Als men naar het altaar gaat, kan hij tussen twee bedienaren met brandende kaarsen het kruis dragen. Wanneer hij bij het altaar is aangekomen, stelt hij het kruis bij het altaar op, zodat het het altaarkruis wordt, anders plaatst hij het op een waardige plaats. Daarna gaat hij naar zijn plaats op het priesterkoor.
Gedurende de gehele viering behoort het tot de taak van de acoliet, zo vaak als nodig is, naar de priester of diaken te gaan om hun het boek te brengen en de nodige diensten te verlenen. Daarom behoort hij zoveel mogelijk een plaats te hebben vanwaar hij zijn dienstwerk gemakkelijk kan vervullen, zowel bij de zetel van de priester, als bij het altaar.
Bij afwezigheid van een diaken plaatst de acoliet, wanneer het universele gebed (de voorbede) is beëindigd, het corporale, het kelkdoekje, de kelk, de palla en het missaal op het altaar, terwijl de priester bij zijn zetel blijft. Vervolgens helpt hij - indien nodig - de priester bij het in ontvangst nemen van de gaven van het volk en brengt hij eventueel brood en wijn naar het altaar om ze aan de priester te overhandigen. Als er wierook wordt gebruikt, biedt hij het wierookvat aan de priester aan en assisteert hem bij de bewieroking van de offergaven, van het kruis en van het altaar. Daarna bewierookt hij de priester en het volk.
De acoliet die officieel is aangesteld, kan als buitengewone bedienaar - indien nodig - de priester helpen bij het uitreiken van de communie aan het volk. Vgl. H. Paus Paulus VI, Apostolische Brief, Ordening met betrekking tot de eerste tonsuur, de lagere wijdingen en het subdiaconaat in de Latijnse Kerk wordt vernieuwd, Ministeria quaedam (15 aug 1972) Als de Communie onder beide gedaanten wordt gegeven, bedient hij bij afwezigheid van een diaken zelf de Kelk voor de communicanten of houdt de Kelk vast, indien de Communie door indopen geschiedt.
Eveneens helpt de officieel aangestelde acoliet na het uitreiken van de Communie de priester of diaken bij het reinigen en in orde brengen van de heilige vaten.
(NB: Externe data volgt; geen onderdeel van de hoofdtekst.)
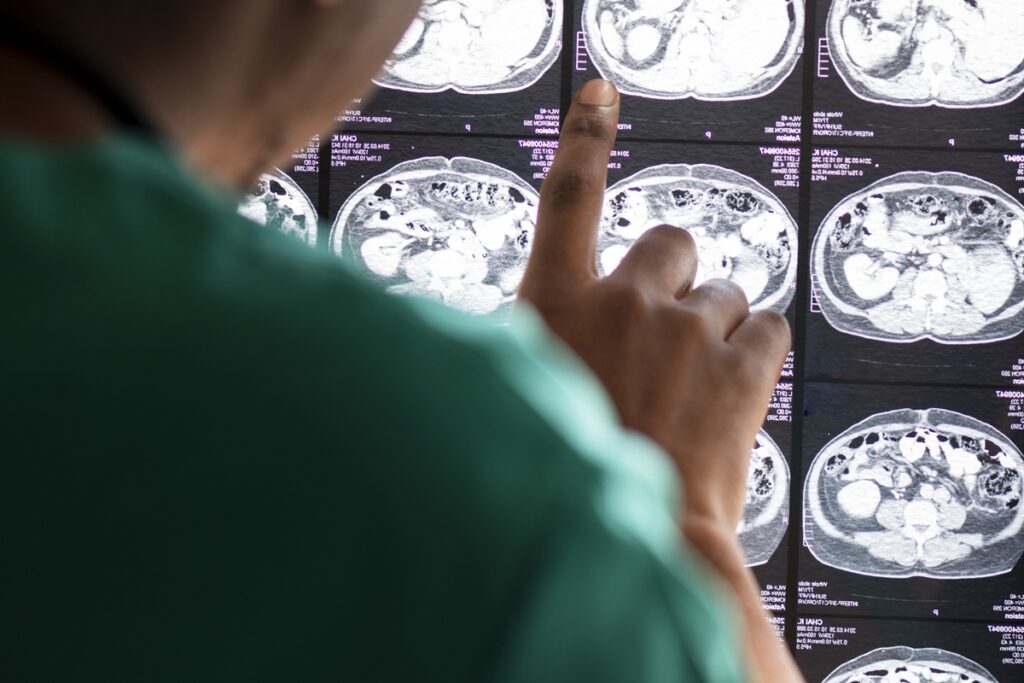 medicamento-contra-vermes-pode-ajudar-a-tratar-cancer-cerebral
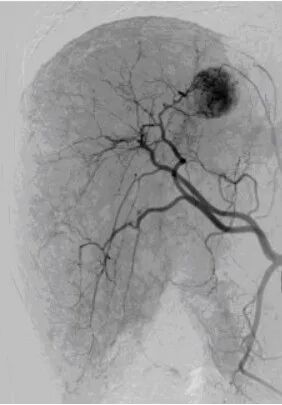 dsa是什么设备【影像中心全景之DR／DSA专栏】人员、设备简介及DR／DSA技术成果展示_https://www.jmylbn.com_新闻资讯_第37张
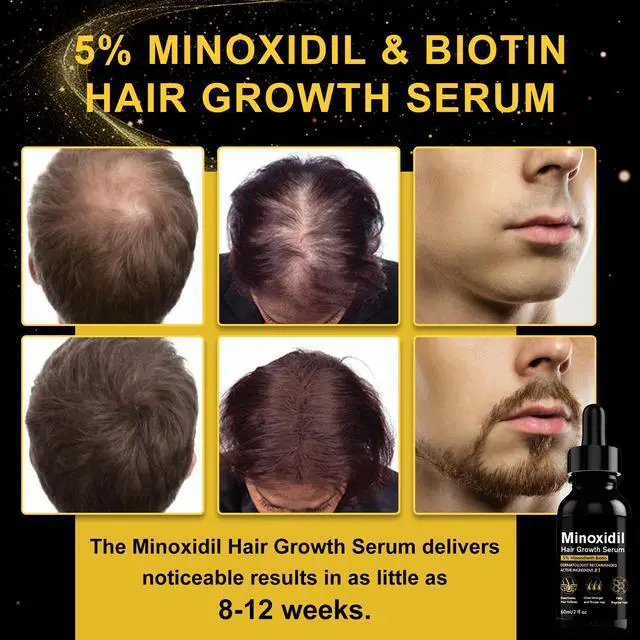 Alt view image 2 of 7 - 5% Minoxidil Topical Solution for Scalp Care, Dropper Applicator, Unscented Formula, Daily Use Hair Care Solution for Men and Women, 6 fl oz(Pack of 3)
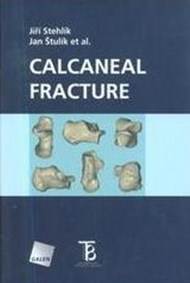 Calcaneal fracture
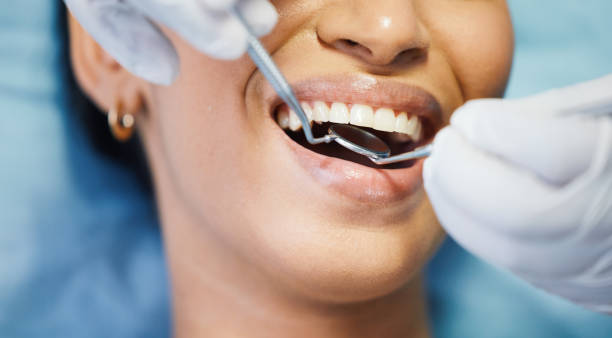 Best Emergency Root Canal Treatment in Wtell, LA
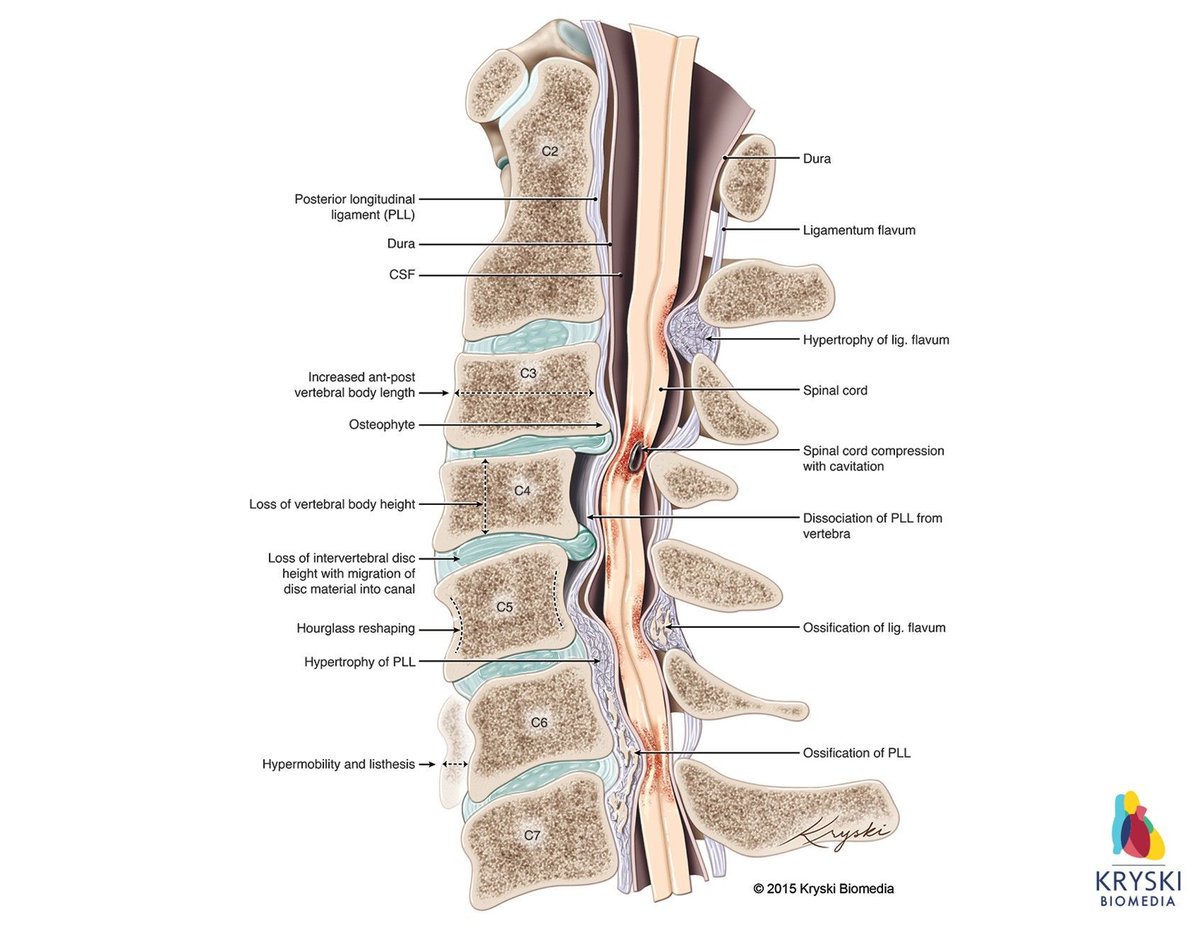 This illustration by @kryskibiomedia depicts a sagittal cross-section of the multiple anatomical changes that may present in the cervical spine of patients with degenerative #cervical #myelopathy. Explore more: buff.ly/3fb0QHg #orthopedics #spine #anatomy #sciart
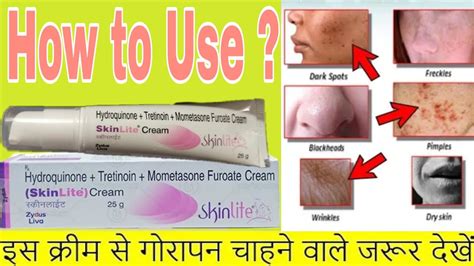 Frade, fradiomycin fradiomycin is also used to reduce the symptoms of hepatic coma. Skinlite cream review // how to use skinlite cream ...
Bij afwezigheid van een diaken brengt de officieel aangestelde acoliet de heilige vaten naar de credenstafel om ze daar op de gebruikelijke wijze te reinigen, af te drogen en in orde te brengen.
Wanneer de viering van de Mis is beëindigd, keren de acoliet en de overige bedienaren samen met de diaken en de priester in processie naar de sacristie terug op dezelfde wijze en in dezelfde volgorde als waarin zij gekomen waren.